Remoting through interfaces

When we are going to use Remoting, we always think about the proxy classes, which should surely be deployed with the client-app. But is that the best approach?
The OOP tells us to understand the interaction through the intercaces, this means that components should interact only by contracts. Why don’t we use this approach in Remoting. This is surely possible.
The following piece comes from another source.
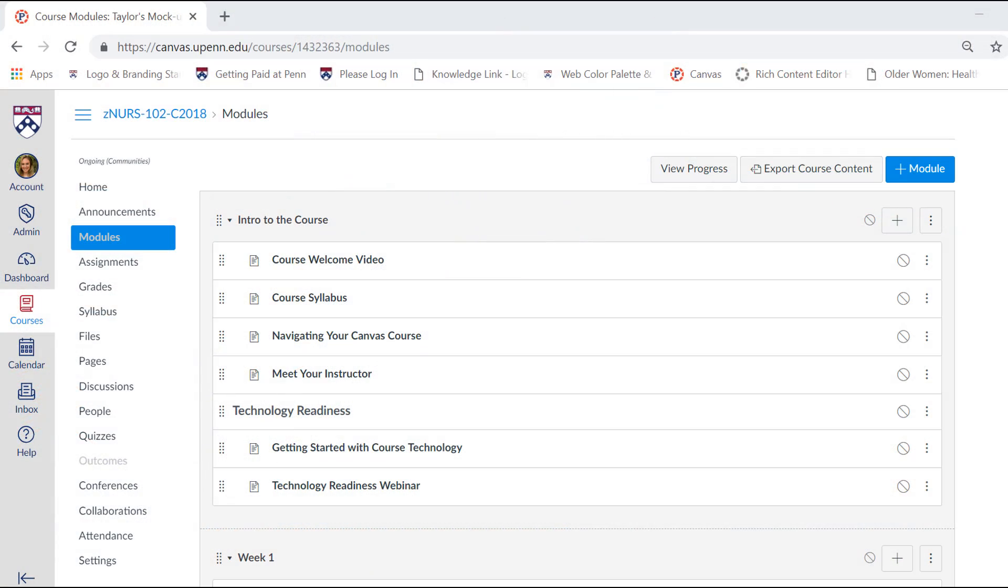As you probably know, modules are a useful tool for organizing course pages and improving the overall course presentation and flow.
And this is better approach.
Let’s review this part of code:

public class RemotedObject:MarshalByRefObject
{
public void SomeMethod()
{
//… some code here
}
}

Let’s update the code above and add a contract of interacting with it:

public class RemotedObject:MarshalByRefObject, IRemotedObjectContract
{
public void SomeMethod()
{
//… some code here
}
}

//The interface is defined in a new module
public interface IRemotedObjectContract
{
void SomeMetod();
}

The remoted object now can be called through IRemotedObjectContract interface. But we should place the interface definition in a separate module, so it will be referenced from the main (RemotedObject) assembly, and also it will be referenced from the client. So now, the client have not to generate a proxy class by hand and attach that module, but it will be enough just to reference the interface-owner module and all is ready. Notice, that nothing should change on the server side. But on the client side for accessing the object we will have something like:


//…
IRemotedObjectInterface tmpRemote = (IRemotedObjectInterface)Activator.GetObject(typeof(IRemotedObjectInterface), tmpUrl);
//Use the retrieved tmpRemote interface to interact with the remote object


So, this is all, and this is really good approach in .Net Remoting.